Youth recommendations Second GPE Replenishment Conference

Youth recommendations
Second GPE Replenishment Conference
Brussels, June 26th 2014
Including youth leaders in the GPE Replenishment Conference was an incredible success. More than
before, GPE ensured the participation of young people acting on and in touch with the grassroots
level of education in their conference. The engagement of young people in panels and discussions
not only warranted critical perspectives and innovative ideas for decision-makers; it also rendered
renewed attention on the side of these decision-makers for the inclusion of youth within their own
governmental or NGO frameworks.
At the end of the Conference, the youth leaders came together to decide upon five main
recommendations to the Board of the Global Partnership for Education. We unanimously agreed on
the following.
1. The GPE must create a youth constituency on its board.
a.
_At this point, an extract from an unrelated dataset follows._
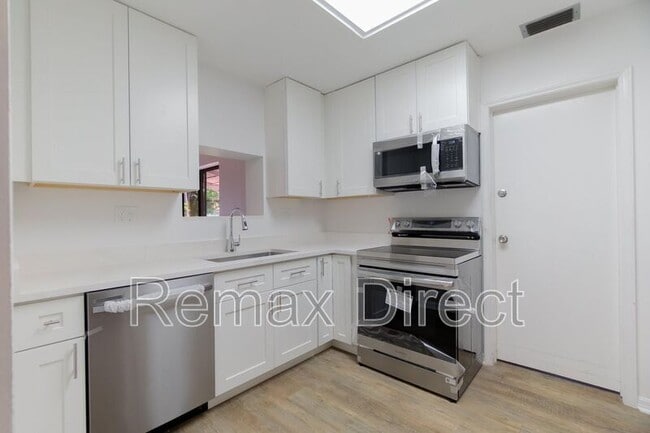 4375 Forest Ln in Palm Springs, FL - Building Photo - Building Photo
This youth constituency adequately reflects the GPE’s goals of calling on
representatives of marginalised groups.
b. The youth constituency needs to be elected by youth from local education networks.
c. The youth constituency represents the ideas of young people as recommended by
youth in local education networks.
2. The GPE must ensure the inclusion of youth representatives in local education groups. These
youth must be linked directly to the youth constituency on the GPE Board. In addition, GPE
must continue to invite youth to its events.
a. Since a group has already been assembled, it is recommended to initially maintain
this network.
b. One youth representative on education must be selected for each country.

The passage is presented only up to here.